Work required: Report, from the records below, every line where the word "Women" appears.

Given records:
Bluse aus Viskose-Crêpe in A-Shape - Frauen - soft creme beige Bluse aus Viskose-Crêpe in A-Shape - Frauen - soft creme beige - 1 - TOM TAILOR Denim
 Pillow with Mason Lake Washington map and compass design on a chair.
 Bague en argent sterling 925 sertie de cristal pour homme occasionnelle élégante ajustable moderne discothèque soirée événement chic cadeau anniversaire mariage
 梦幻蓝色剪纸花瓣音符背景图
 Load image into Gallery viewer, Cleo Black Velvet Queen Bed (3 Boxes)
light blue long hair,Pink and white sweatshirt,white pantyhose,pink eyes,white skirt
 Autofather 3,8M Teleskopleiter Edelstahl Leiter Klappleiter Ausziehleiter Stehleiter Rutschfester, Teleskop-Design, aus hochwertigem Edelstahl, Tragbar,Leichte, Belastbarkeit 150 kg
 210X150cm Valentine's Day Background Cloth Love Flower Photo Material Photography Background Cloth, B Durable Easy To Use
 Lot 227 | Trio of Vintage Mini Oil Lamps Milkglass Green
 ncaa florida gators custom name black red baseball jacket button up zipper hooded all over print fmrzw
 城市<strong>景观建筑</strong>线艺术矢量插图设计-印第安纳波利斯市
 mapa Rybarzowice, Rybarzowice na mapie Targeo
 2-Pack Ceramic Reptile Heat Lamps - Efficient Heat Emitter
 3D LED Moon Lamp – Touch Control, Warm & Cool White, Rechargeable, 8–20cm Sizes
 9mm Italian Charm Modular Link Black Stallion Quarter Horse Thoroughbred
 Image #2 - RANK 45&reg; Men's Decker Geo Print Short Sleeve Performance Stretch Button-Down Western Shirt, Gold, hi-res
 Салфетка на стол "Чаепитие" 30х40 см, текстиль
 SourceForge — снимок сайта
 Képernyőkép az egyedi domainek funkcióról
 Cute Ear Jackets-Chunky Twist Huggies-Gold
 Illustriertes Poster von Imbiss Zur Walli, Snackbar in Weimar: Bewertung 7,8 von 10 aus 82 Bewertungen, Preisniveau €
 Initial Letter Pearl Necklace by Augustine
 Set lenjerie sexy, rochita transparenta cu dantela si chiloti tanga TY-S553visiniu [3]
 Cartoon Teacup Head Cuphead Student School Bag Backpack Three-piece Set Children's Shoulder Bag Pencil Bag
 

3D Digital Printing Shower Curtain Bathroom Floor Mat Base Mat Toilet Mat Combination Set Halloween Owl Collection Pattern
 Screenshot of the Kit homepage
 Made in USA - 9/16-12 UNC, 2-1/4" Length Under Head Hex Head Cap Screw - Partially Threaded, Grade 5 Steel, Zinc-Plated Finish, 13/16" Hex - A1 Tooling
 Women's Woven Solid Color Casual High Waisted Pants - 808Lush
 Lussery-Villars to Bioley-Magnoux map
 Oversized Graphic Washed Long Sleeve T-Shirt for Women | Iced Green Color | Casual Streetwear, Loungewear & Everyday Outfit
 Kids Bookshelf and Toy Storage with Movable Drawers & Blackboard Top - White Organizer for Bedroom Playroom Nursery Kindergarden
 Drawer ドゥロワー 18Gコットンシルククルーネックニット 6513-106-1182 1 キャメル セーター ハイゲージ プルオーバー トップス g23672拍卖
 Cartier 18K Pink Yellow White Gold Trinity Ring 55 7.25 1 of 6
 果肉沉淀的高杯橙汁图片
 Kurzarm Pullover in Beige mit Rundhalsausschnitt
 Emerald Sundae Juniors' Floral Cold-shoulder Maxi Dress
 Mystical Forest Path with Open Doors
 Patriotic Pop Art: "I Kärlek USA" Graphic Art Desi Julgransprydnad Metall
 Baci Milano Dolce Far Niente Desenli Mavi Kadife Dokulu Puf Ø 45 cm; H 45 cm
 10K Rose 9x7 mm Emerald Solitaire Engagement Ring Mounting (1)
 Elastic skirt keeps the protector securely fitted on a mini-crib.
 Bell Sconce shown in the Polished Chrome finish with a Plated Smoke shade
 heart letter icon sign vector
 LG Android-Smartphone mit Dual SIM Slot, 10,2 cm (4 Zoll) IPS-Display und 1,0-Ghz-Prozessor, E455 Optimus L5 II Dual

Reply:
 Women's Woven Solid Color Casual High Waisted Pants - 808Lush
 Oversized Graphic Washed Long Sleeve T-Shirt for Women | Iced Green Color | Casual Streetwear, Loungewear & Everyday Outfit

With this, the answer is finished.